According to S&P, the number of corporate defaults has climbed to 29 since the start of the year, the most highest tally at this point in a year since 2009. While the majority of defaults occurred in the U.S., an uptick in European bankruptcies is alarming analysts.
Since January, eight European companies have defaulted, more than double the three defaults that had been seen by this point in 2023. By comparison, 17 defaults occurred in the U.S., slightly less than the 18 seen at this juncture from last year. While the U.S. has seen a plurality of defaults, Europe has seen companies fail to make payments on their debt obligations at twice the rate of any year since 2008.
By sector, 40% of defaults in February have involved companies in the health care or media and entertainment spaces. Given their weak outlook, S&P Global expects more media and health-care companies, along with makers of consumer products, to see more defaults going forward.
Outside the U.S. and Europe, four companies have defaulted since the start of the year.

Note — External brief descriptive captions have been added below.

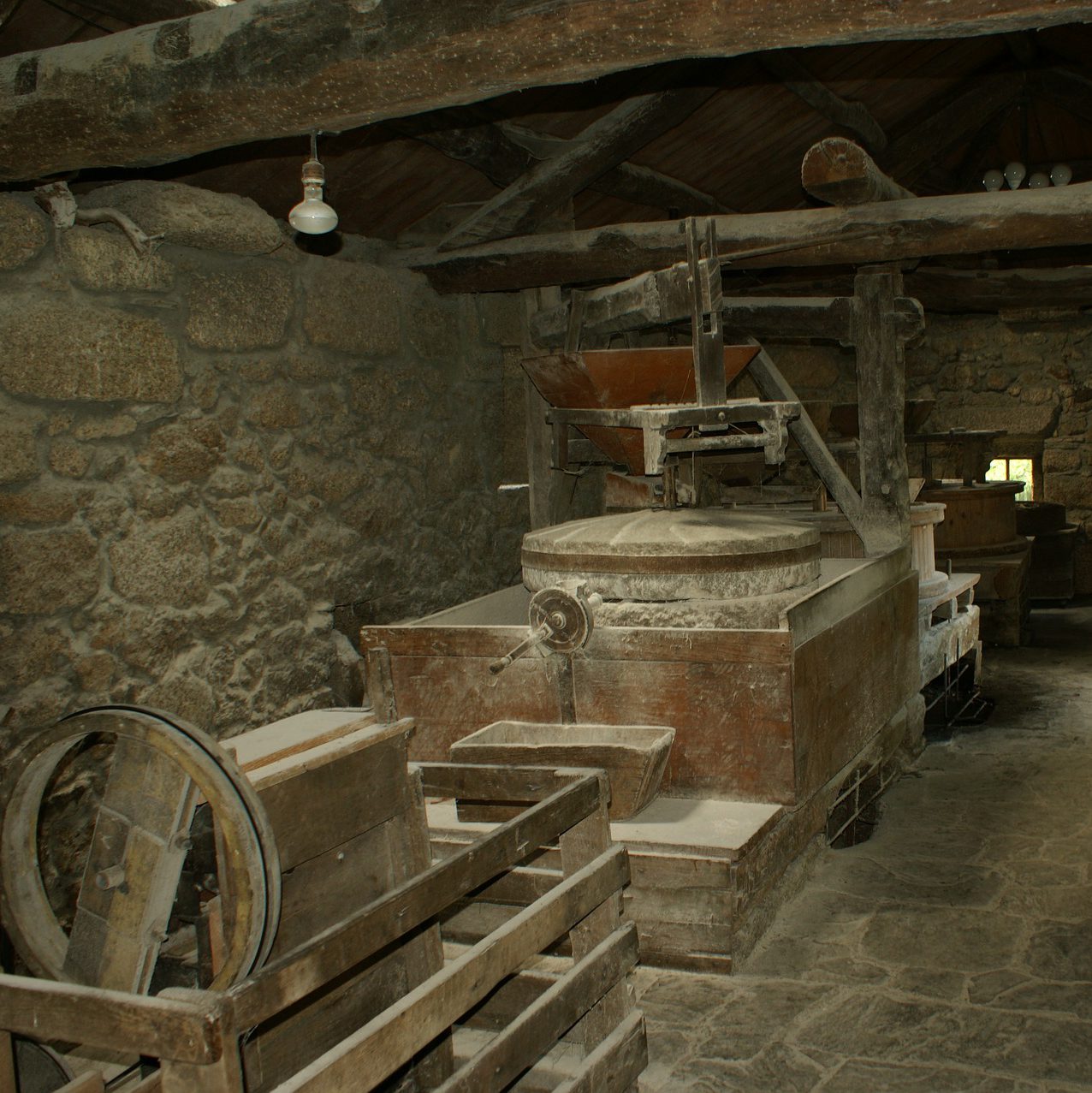 cropped-mill-444600_1920.jpg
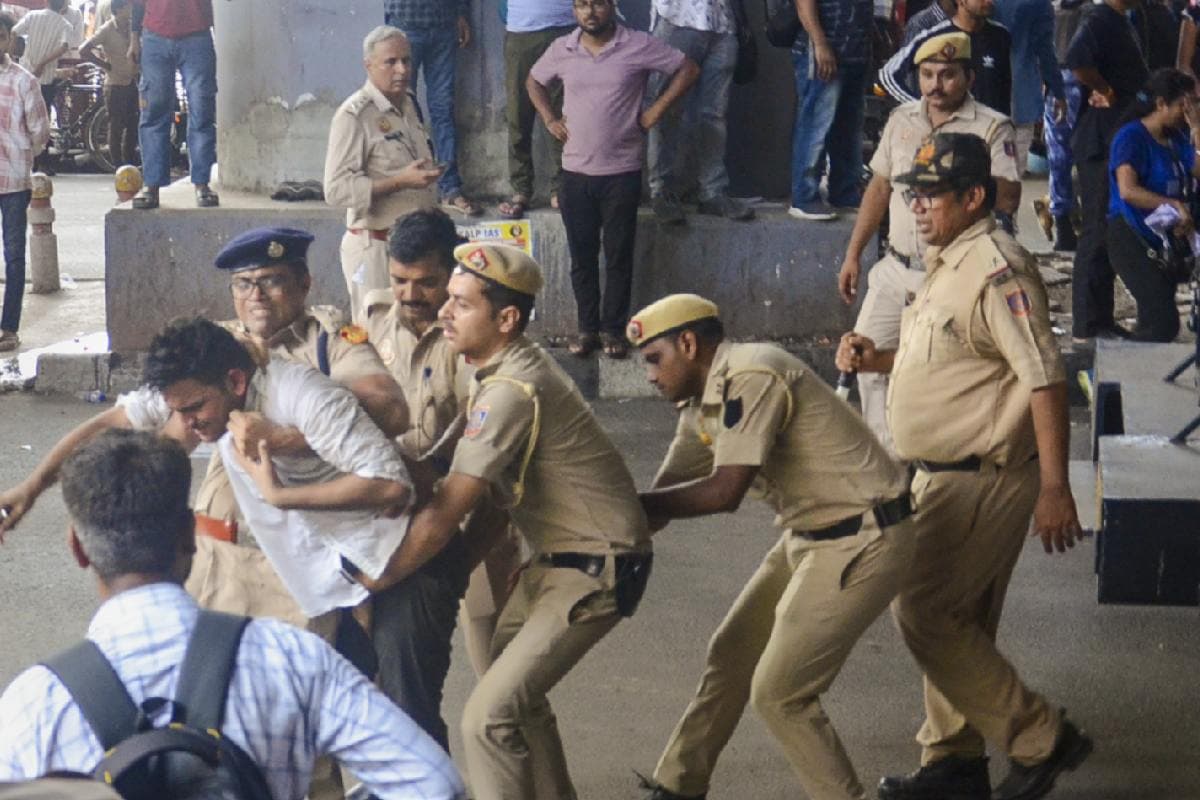 दिल्ली कोचिंग हादसा: प्रदर्शनकारी छात्रों ने बढ़ाई पुलिस की टेंशन, RAU's IAS कोचिंग पर चला बुलडोजर, अबतक 7 गिरफ्तार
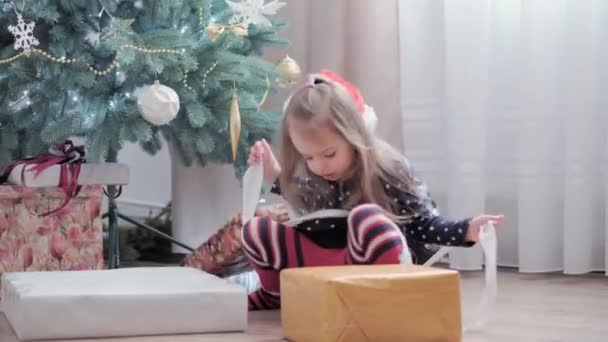 Autentyczne szczęśliwy Joy dzieci otwarte pudełko z prezentami radować się przez choinkę zabawy razem. Dzieci w wieku przedszkolnym świętują Nowy Rok świąteczną atmosferę w domu. Zima, wakacje, Koncepcja rodziny — Wideo stockowe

These include Canadian commercial real-estate solutions and services company Avison Young and Argentina-based infrastructure service provider CLISA – Compania Latinoamericana deInfraestructura & Servicios S.A. – both of which defaulted in February.
Among the other companies that defaulted in February are U.S.-based radiology operator Radiology Partners Holdings, U.S.-based tool manufacturer Apex Tool Group and U.K.-based cinema operator Vue Entertainment International.
AMC Entertainment Holdings Inc. was also included on S&P’s list of companies in default after the ratings agency downgraded its debt to “selective default,” claiming that a series of debt exchanges engaged in by the company were tantamount to default.
Analysts at S&P Global expect a weak European consumer to contribute to an elevated pace of defaults through the end of the year.
“Given the still-high total of lower-rated companies in the region, we expect European defaults to remain elevated over the near term, adding to a slight rise in defaults rates over the summer,” according to the report’s authors.
So-called distressed exchanges remained a major driver of defaults this year. They were involved in 14 of the 29 defaults recorded by S&P Global so far this year. That’s the highest number during the first two months of a year since 2008.
A distressed exchange is typically sought by private equity-backed companies and their lenders to try and avoid bankruptcy proceedings by handing over assets typically worth less than the debt owed.